TASK DIRECTIONS:
This exercise asks for every line of the material that contains the word "Texas".
────────
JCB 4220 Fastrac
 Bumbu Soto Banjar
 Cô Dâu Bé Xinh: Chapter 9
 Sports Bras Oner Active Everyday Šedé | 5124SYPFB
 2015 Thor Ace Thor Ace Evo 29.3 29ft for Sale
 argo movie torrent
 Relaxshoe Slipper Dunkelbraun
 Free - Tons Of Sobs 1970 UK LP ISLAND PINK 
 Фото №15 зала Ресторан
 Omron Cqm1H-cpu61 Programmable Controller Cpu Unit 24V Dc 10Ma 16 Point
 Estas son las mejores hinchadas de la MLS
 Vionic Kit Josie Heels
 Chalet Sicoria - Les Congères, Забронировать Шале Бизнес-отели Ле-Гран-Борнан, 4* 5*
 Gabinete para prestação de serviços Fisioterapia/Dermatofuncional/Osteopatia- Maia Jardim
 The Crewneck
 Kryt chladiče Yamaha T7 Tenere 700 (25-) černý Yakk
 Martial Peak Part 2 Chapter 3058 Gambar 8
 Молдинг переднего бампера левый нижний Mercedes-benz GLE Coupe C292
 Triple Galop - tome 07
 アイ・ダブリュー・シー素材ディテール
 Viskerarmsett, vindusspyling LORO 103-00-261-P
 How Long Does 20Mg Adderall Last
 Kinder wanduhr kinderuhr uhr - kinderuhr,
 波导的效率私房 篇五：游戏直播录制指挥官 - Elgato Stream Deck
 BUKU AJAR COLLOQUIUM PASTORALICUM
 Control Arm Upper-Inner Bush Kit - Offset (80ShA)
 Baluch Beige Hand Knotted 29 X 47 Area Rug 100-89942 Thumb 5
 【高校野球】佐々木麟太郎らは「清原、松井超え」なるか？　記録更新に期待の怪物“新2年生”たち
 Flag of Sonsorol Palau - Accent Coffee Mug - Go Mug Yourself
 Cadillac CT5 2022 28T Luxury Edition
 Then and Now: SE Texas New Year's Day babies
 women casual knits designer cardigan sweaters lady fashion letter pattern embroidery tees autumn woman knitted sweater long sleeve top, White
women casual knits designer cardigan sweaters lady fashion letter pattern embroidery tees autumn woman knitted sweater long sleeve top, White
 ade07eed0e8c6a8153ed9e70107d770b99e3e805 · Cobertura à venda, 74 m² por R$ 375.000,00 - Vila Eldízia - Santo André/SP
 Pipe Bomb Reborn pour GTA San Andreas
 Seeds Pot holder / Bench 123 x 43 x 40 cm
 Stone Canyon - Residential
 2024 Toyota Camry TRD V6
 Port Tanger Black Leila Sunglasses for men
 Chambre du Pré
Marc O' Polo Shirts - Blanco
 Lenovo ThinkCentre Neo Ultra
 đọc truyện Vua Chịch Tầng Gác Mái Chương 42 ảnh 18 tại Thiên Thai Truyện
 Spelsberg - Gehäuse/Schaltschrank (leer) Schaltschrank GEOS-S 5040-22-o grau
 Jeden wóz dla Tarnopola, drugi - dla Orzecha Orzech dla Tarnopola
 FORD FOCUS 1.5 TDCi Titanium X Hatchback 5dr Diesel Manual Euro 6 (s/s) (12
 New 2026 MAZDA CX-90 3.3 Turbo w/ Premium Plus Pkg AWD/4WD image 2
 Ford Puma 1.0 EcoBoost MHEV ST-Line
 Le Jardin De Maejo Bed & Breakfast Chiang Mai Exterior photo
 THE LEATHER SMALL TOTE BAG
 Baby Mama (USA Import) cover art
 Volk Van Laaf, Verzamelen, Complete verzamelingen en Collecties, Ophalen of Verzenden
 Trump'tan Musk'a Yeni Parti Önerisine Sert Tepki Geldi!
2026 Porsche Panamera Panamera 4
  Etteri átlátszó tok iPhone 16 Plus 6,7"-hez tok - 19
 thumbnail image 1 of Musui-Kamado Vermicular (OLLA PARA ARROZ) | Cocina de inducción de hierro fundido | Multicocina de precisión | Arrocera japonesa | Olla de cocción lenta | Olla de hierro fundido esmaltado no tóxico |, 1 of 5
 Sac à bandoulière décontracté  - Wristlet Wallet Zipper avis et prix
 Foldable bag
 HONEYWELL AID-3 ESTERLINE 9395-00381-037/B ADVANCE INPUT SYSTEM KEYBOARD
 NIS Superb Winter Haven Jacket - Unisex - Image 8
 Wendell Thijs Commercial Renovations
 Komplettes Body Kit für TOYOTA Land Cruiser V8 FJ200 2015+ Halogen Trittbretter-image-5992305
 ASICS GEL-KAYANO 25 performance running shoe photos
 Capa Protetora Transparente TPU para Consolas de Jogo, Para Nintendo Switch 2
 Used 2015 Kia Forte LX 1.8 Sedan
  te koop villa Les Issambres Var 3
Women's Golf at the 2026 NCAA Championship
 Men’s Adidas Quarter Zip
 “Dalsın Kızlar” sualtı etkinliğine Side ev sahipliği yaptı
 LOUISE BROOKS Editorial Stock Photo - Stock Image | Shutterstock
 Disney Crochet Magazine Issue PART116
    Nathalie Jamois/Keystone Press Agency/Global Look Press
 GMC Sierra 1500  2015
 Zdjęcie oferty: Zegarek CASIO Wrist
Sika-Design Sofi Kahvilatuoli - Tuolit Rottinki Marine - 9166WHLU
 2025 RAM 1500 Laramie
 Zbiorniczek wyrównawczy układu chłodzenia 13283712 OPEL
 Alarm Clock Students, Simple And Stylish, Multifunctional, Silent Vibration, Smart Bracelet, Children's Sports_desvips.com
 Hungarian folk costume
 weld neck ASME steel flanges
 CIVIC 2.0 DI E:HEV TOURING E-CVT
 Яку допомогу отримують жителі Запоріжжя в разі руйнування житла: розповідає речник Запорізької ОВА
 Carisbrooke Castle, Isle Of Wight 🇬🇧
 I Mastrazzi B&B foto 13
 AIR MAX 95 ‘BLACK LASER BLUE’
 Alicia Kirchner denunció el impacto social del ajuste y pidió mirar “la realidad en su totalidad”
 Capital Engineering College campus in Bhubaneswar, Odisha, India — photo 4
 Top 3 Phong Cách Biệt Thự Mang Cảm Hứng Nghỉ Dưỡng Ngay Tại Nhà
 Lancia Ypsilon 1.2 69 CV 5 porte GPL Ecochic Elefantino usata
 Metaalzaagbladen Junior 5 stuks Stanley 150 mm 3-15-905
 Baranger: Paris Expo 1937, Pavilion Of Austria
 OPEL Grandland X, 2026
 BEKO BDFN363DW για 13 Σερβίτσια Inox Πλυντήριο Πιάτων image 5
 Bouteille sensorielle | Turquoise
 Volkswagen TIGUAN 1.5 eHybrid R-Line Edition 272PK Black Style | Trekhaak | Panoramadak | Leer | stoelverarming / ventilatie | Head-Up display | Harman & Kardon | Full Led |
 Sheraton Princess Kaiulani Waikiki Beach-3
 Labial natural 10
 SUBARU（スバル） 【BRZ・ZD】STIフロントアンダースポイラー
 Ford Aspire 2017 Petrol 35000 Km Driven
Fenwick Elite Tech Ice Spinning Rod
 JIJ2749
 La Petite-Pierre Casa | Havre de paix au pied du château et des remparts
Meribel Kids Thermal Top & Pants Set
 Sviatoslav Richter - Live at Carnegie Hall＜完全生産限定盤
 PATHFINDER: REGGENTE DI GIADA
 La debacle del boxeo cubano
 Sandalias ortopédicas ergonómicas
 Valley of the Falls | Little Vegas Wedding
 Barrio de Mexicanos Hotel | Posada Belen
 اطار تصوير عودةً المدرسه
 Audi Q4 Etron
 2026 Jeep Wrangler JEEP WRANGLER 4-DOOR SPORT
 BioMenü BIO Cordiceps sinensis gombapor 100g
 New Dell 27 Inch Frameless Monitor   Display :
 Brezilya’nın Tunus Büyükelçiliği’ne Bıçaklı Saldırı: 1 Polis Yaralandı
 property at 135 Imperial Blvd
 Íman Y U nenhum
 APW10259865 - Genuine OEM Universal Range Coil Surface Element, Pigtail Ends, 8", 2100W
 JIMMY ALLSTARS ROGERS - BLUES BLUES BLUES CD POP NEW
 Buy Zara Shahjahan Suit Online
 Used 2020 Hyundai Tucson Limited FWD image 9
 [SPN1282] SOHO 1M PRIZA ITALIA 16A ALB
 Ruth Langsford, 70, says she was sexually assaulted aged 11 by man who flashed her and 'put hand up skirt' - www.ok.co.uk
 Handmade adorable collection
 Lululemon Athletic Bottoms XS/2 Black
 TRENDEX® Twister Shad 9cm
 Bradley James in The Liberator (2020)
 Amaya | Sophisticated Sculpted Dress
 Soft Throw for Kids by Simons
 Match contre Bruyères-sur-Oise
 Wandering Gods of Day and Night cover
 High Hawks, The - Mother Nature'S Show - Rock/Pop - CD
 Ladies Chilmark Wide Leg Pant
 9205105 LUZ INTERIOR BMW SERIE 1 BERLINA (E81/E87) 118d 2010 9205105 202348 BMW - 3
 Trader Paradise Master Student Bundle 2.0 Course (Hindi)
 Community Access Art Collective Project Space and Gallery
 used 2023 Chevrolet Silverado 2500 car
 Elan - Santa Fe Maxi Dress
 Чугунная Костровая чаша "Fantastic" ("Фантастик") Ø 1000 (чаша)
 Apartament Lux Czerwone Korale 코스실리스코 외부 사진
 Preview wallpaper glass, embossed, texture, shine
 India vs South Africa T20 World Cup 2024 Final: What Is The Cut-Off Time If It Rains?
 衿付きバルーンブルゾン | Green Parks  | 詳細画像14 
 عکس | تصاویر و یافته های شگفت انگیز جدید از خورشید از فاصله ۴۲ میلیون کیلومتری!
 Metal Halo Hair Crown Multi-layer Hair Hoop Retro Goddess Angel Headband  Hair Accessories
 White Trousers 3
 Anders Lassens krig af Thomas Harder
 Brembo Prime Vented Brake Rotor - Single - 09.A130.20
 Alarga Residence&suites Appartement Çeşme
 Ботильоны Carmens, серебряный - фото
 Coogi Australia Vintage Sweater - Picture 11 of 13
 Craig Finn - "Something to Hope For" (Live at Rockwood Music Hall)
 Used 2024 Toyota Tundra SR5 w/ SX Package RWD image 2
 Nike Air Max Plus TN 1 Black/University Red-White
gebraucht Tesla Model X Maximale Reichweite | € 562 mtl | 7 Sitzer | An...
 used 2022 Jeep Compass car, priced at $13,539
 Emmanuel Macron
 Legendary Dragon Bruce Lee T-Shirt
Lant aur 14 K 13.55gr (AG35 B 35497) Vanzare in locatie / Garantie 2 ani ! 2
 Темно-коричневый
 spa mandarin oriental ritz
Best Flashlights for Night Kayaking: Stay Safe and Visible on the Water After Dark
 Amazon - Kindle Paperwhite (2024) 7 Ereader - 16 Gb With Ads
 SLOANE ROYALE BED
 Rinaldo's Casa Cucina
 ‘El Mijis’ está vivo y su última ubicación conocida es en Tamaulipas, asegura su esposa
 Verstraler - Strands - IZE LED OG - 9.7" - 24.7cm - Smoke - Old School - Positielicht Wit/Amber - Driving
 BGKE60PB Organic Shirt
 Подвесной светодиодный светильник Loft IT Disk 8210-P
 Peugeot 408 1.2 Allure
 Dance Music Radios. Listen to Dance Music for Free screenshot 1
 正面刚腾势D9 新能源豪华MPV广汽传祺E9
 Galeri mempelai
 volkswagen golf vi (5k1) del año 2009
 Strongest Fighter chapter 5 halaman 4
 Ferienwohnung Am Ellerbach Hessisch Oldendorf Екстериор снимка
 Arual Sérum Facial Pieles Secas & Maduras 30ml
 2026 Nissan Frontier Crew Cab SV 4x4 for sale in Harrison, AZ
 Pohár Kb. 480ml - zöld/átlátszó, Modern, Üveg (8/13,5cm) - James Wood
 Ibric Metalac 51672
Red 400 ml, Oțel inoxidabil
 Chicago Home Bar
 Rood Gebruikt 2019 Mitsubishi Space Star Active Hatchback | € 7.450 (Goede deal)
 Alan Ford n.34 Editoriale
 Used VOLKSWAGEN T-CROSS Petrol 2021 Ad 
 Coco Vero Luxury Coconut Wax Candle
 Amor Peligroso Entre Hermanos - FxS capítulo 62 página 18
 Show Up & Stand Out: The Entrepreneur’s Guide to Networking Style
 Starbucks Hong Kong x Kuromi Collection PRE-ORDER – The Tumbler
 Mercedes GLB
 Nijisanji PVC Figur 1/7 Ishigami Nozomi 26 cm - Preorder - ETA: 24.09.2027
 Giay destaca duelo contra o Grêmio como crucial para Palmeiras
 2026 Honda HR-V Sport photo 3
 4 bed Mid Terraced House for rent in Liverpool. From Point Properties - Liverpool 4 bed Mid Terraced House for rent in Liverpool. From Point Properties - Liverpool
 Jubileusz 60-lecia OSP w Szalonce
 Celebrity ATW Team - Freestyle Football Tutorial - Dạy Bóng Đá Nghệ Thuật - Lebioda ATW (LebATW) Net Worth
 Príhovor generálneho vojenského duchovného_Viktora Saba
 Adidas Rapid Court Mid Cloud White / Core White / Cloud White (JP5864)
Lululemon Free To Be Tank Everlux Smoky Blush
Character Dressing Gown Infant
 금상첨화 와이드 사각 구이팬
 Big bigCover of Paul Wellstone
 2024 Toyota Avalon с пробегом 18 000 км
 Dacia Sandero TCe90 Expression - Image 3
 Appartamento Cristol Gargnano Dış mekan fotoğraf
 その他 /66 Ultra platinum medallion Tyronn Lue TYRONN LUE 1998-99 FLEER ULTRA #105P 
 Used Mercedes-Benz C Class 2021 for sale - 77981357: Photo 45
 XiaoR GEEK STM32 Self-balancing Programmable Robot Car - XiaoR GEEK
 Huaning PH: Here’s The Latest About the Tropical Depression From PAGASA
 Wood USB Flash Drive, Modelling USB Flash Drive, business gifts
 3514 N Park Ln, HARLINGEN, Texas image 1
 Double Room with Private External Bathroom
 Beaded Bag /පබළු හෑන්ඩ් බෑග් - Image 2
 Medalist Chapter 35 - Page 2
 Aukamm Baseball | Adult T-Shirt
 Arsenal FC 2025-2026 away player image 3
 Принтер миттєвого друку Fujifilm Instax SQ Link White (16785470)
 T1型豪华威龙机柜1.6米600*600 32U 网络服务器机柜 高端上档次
────────
FINAL ANSWER:
 Then and Now: SE Texas New Year's Day babies
 3514 N Park Ln, HARLINGEN, Texas image 1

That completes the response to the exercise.